Swinging Sixties, Miniröcke, Farbfernsehen: Die Uraufführung von VA Wölfls Stück im Schloss Benrath in Düsseldorf ist eine von der Kompanie fantastisch präsentierte Retro-Performance: ein bisschen verrutscht, ein bisschen verzerrt, ein bisschen missverstanden.

Von Nicole Strecker | 07.12.2014
    Ein bisschen Zeitreisen mit dem Düsseldorfer Choreografen VA Wölfl. Im neuen Stück geht es zurück in die Swinging Sixties, als alles, was aus den USA kam, cool und schick schien und Deutschland sich im Stilklau übte. Auch auf Wölfls Bühne ist jetzt alles wieder da, was in den 60er Jahren Spaß verhieß: die Musik und die Miniröcke der Frauen, die Entdeckung des Alls und das Farbfernsehen, der Boxkampf und die Gesellschaftstänzchen, vorzugsweise Chachacha, eigentlich kubanischen Ursprungs, aber - kleiner zynischer Wölfl-Scherz - doch schließlich von den USA 'annektiert' und zum amerikanischen Modetanz erklärt. Wer die Fernsehserie "Mad Man" liebt, wird in Düsseldorf beglückt – man beachte nur: Es gibt mintfarbene Lack-Pumps! Allerdings ist bei VA Wölfl eben alles ein bisschen verrutscht, verzerrt und missverstanden.

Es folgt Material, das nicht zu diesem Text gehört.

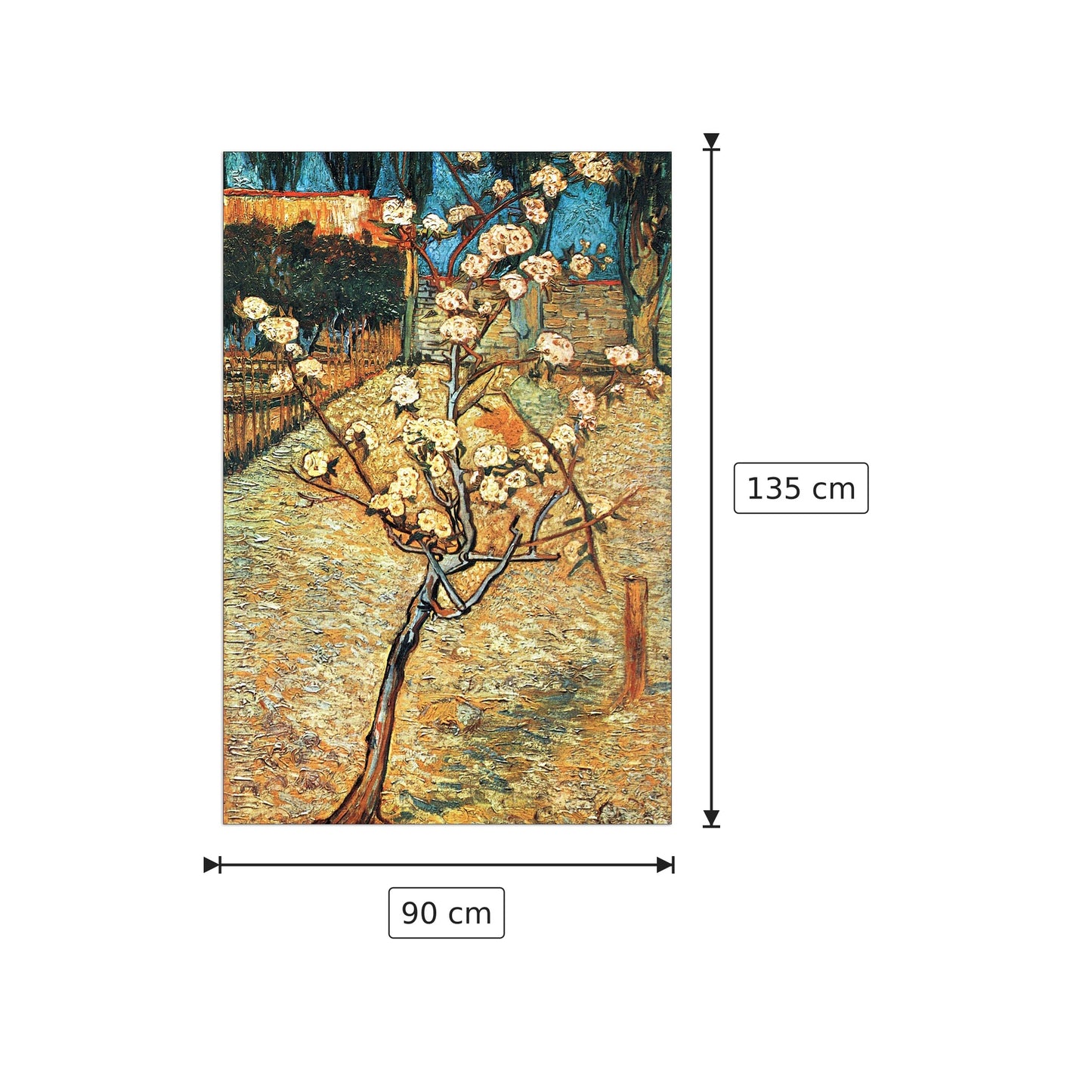 Flowering pear - Van Gogh Vincent - cm 90x135 - Pannello in MDF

    Locker-tappige Akrobatik
    Ein Showmaster begrüßt das Publikum beim Einlass mit einem jovialen "Thanks for coming", ist ganz der souveräne Entertainer, wenn er nicht immer wieder von seinem Mikrofon zurücktreten und wie irrsinnig auf der Stelle hopsen würde. Ein Paar versucht sich in Hebefiguren wie beim Rock 'n' Roll, was keine so gute Idee ist, wenn man - wie er - keine Ahnung von weiblicher Anatomie hat, und wenn man - wie sie - einen viel zu engen Minirock trägt. Die lockere Akrobatik - hier wirkt sie mehr tappig als peppig. Eine Gruppe Männer umringt einen Monitor, ein paar Sekunden lang darf auch das Publikum sehen, dass dort ein Gregory-Peck-Film läuft - und jetzt wollen alle ein bisschen "Peck" sein, der einst schönste Mann von Hollywood, und imitieren für einen Moment seine Bewegungen.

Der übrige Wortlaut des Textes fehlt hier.